◆ What the exercise asks: Leaving the images behind, copy every line of the records exactly.

◆ Pictures with short captions:
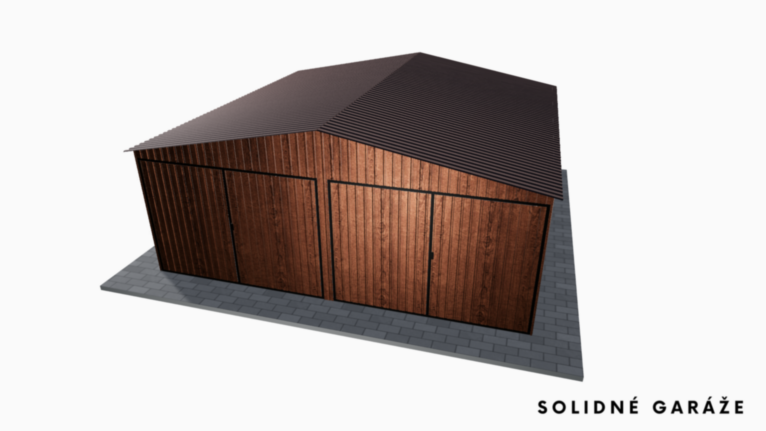 Plechová garáž v imitácii dreva 6x6 m so sedlovou strechou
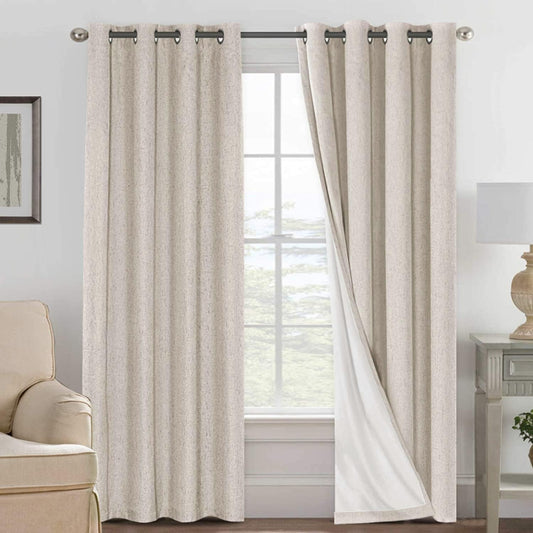 Linen 100% Blackout Curtains for Bedroom Full Light Blocking Curtains, Textured Window Curtain for Living Room 84 Inch Grommet, Energy Efficient Curtains White Liner(2 Panels, Natural)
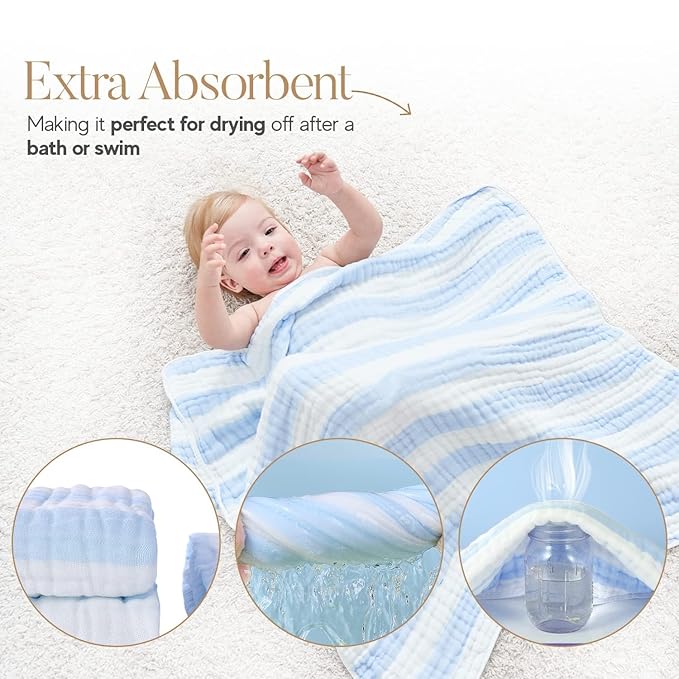 Muslin Hooded Baby Towel 4 Pack, 100% Organic Premium Cotton, (2) 6-Layer 32x32 Bath Towels & (2) Washcloths, Soft Newborn & Infant Gift Set (Blue Stripe & White)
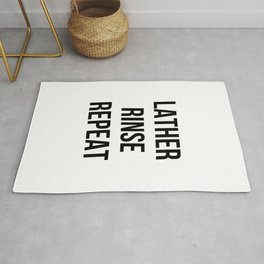Lather Rinse Repeat Rug | Quotes, Hair, Saying, Phrase, Typography, Quote, Latherrinserepeat, Phrases, Hairsalon, Print 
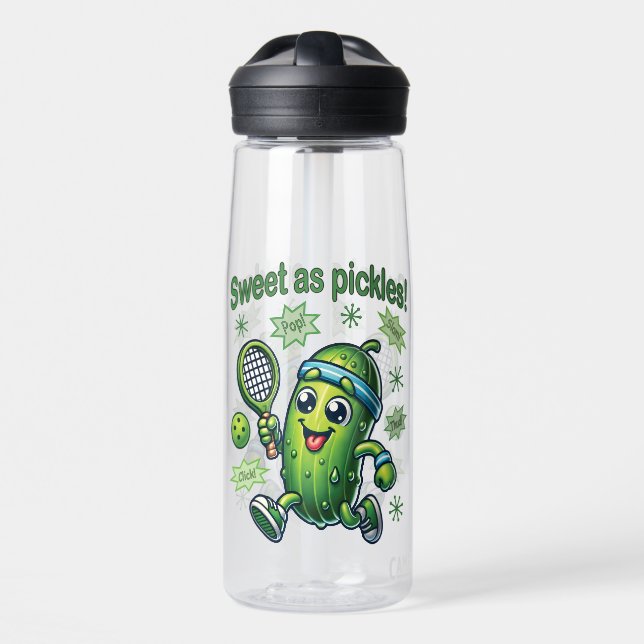 Funny Cute Sweet as Pickles Pickleball Water Bottle (Front)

◆ Written response:
 Plechová garáž v imitácii dreva 6x6 m so sedlovou strechou
 Linen 100% Blackout Curtains for Bedroom Full Light Blocking Curtains, Textured Window Curtain for Living Room 84 Inch Grommet, Energy Efficient Curtains White Liner(2 Panels, Natural)
 Muslin Hooded Baby Towel 4 Pack, 100% Organic Premium Cotton, (2) 6-Layer 32x32 Bath Towels & (2) Washcloths, Soft Newborn & Infant Gift Set (Blue Stripe & White)
Lather Rinse Repeat Rug | Quotes, Hair, Saying, Phrase, Typography, Quote, Latherrinserepeat, Phrases, Hairsalon, Print 
 Funny Cute Sweet as Pickles Pickleball Water Bottle (Front)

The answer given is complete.